Selon la maxime du comte de Broussin, illustre buveur du XVIIe siècle, on ne vieillit jamais à table. On a aussi appelé le vin, le lait des vieillards, — En effet, que de vieillards, amis du vin, à qui l’on peut appliquer le mot de Montaigne: «Les ans m’entrainent, mais à reculons:» Combien n’en est-il pas qui, aidés par le vin, conservent jusqu’à la tombe cette chaleur d’âme, cette fleur d’imagination qui sont la part si heureuse de la jeunesse. — Quand le vieillard est à table, son sang a plus de vitalité et de force, ses idées plus d’entrain et d’expansion; on dirait qu’il est sous le courant d’un nouveau souffle, et que ce souffle qui ouvre son cœur aux épanchements, a rendu à ses souvenirs toute leur fraicheur et à sa vie toute son ivresse. — Les scènes du passé qu’il aime à rappeler, sont saisissantes de vérité, pleines d’actualité et de mouvement; et, de ses récits se dégage cette science de la vie, qui consiste à avoir les feuilles au printemps, les fleurs à l’été et les fruits à l’automne.
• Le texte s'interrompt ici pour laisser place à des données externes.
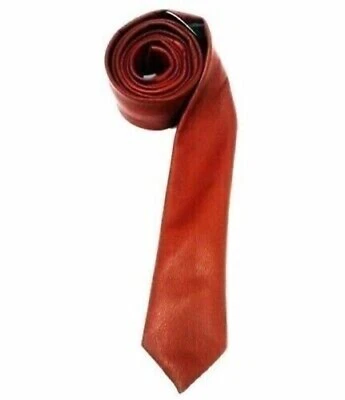 Corbata de cuero única con aspecto elegante formal marrón piel de cordero 100 % genuina para hombre Foto 1 de 3
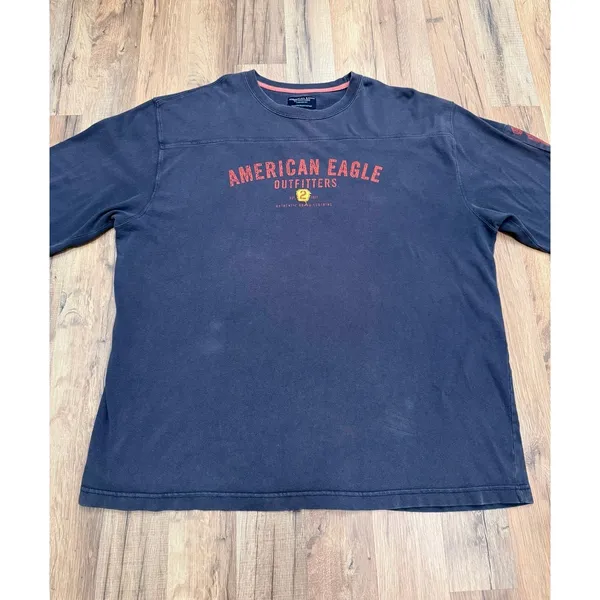American Eagle Outfitters Long Sleeve‎ Navy Red Logo Heavy Cotton XL - Image 2
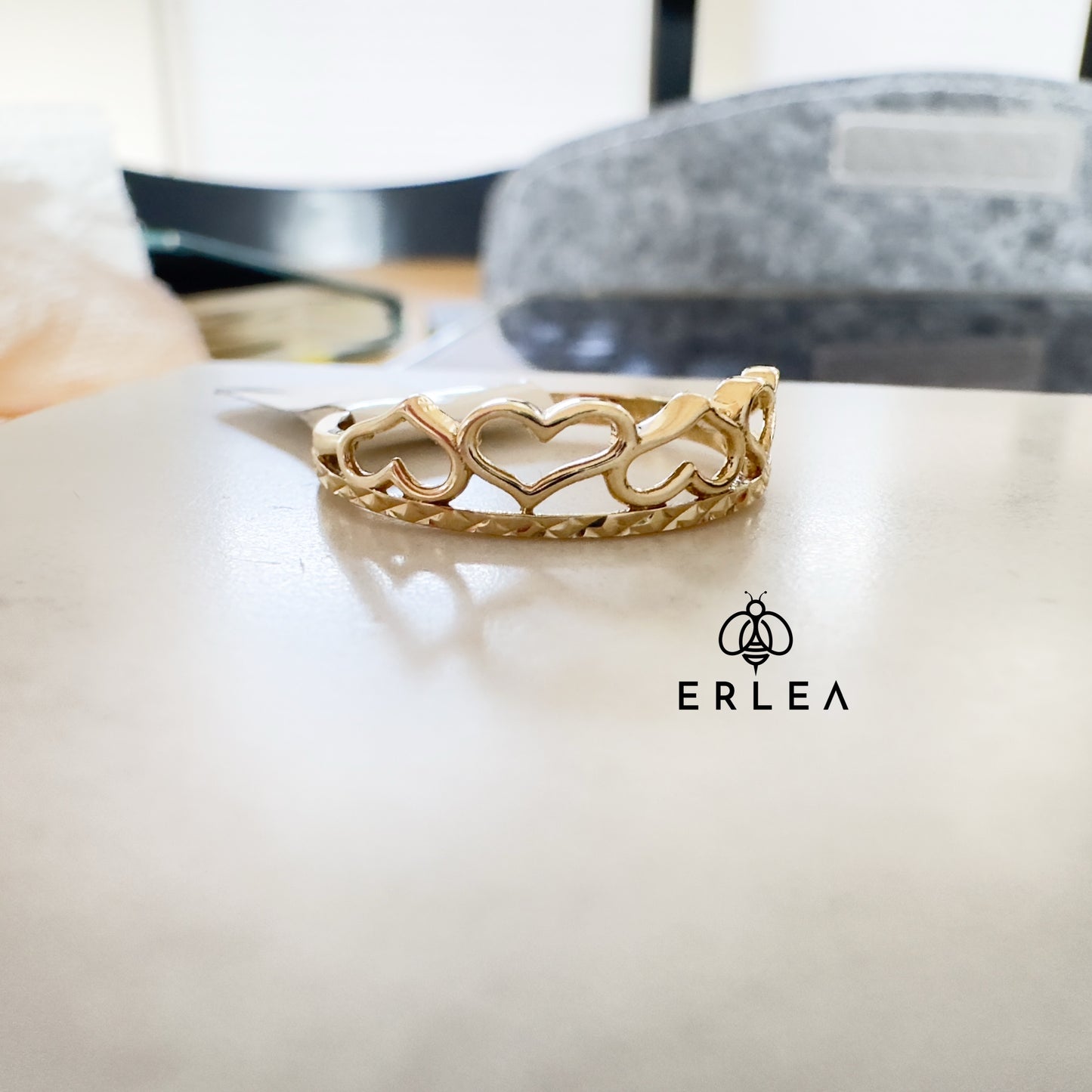 14k Solid Yellow Gold Crown Ring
Caton, dans sa vieillesse, trouvait dans le vin l’appui qui fortifiait et sanctifiait sa vertu; et Anacréon, couronné de roses au déclin de la vie, puisait dans sa coupe les inspirations charmantes de ses vers. — Sans doute, le vin n’enlèvera pas aux vieillards les épreuves douloureuses de la vie; mais, en chassant les froids de l’hiver, en évoquant le souvenir des fêtes et des fleurs de la jeunesse, il les aidera à franchir le dernier pas, sans trop le redouter.
A tous les âges, dans toutes les conditions, c’est le vin qui fortifie, qui rend l’homme meilleur et fait aimer; c’est lui qui, indispensable au bonheur et à la santé, chauffe le génie et conduit à la victoire: c’est lui enfin qui, après avoir souri aux hommes et cimenté le lien des peuples, jette quelque chose des rayons du soleil dans les cerveaux comme dans les cœurs.